DNN Accelerator - newlife-js/Wiki GitHub Wiki
by 서울대학교 이재욱 교수님
Performance Analysis
Performance Metrics
Time
- Wall-clock time, response time, elapsed time: time from start to completion
- CPU time: spent time for given program
= seconds/program = (cycles/program) x (seconds/cycle)
= (instructions/program) x (cycles x instruction) x (seconds/cycle)
-> Iron Law of CPU Performance - CPI(Cycles per instruction)

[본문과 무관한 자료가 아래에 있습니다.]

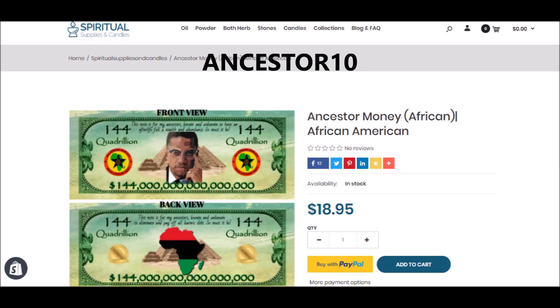Here in my online store at spiritualsuppliesandcandles.myshopify.com, I offer Ancestor Money. And if you take a look here, there are notes of many different types of Ancestor Money — Black Ancestor Money. And as you can see, this right here is for quadrillion. So you can get this here. And also if you use the discount code ANCESTOR10 on the way to checkout, you will get $10 off. So you are getting quite a good deal of African or Black American Ancestor Money that you can use for your own personal reasons.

- Factors involve in the CPU Time
ISA: RISC(명령어 세팅 개수가 적음) vs CISC(복잡한 명령어 세팅)
Rate(throughput)
- MIPS(million instructions per second)
MIPS가 클수록 빠른 CPU - MFLOPS(million floating-point operations per second)
Mean
-
Arithmetic mean(performance in times)
∑Execution Times / n
각 benchmark가 같은 횟수만큼 실행된다고 가정
-> Weighted Arithmetic Mean: ∑W x Execution Times / ∑W -
Harmonic Mean(performance in rates)
n / ∑(1/R) -> Weighted Harmonic Mean: ∑W / ∑ (W/R)
Roofline Model
Performance of accelerators
Computation
Floating point performance(GFLOP/sec) is the main target
- peak performance: ample parallelism, balanced combination of floating point inst., rare branch mispredictions, no thread divergence
Communication
DRAM bandwidth(GB/sec) is the main concern
- peak bandwidth: few unit stride access streams, locality-aware NUMA allocation and usage, SW prefetching, memory coalescing
Locality
Maximize cache locality to minimize communication overhead
hardware change: larger cache capacity(capacity miss), higher cache associativity(conflict miss), non-allocating caches(compulsory traffic)
sw optimization: padding avoids conflict misses, blocking avoids capacity misses, non-allocating stores minimize compulsory traffic
Arithmetic Intensity(AI)
Total floating point operations / Total DRAM bytes accesses (FLOP/bytes)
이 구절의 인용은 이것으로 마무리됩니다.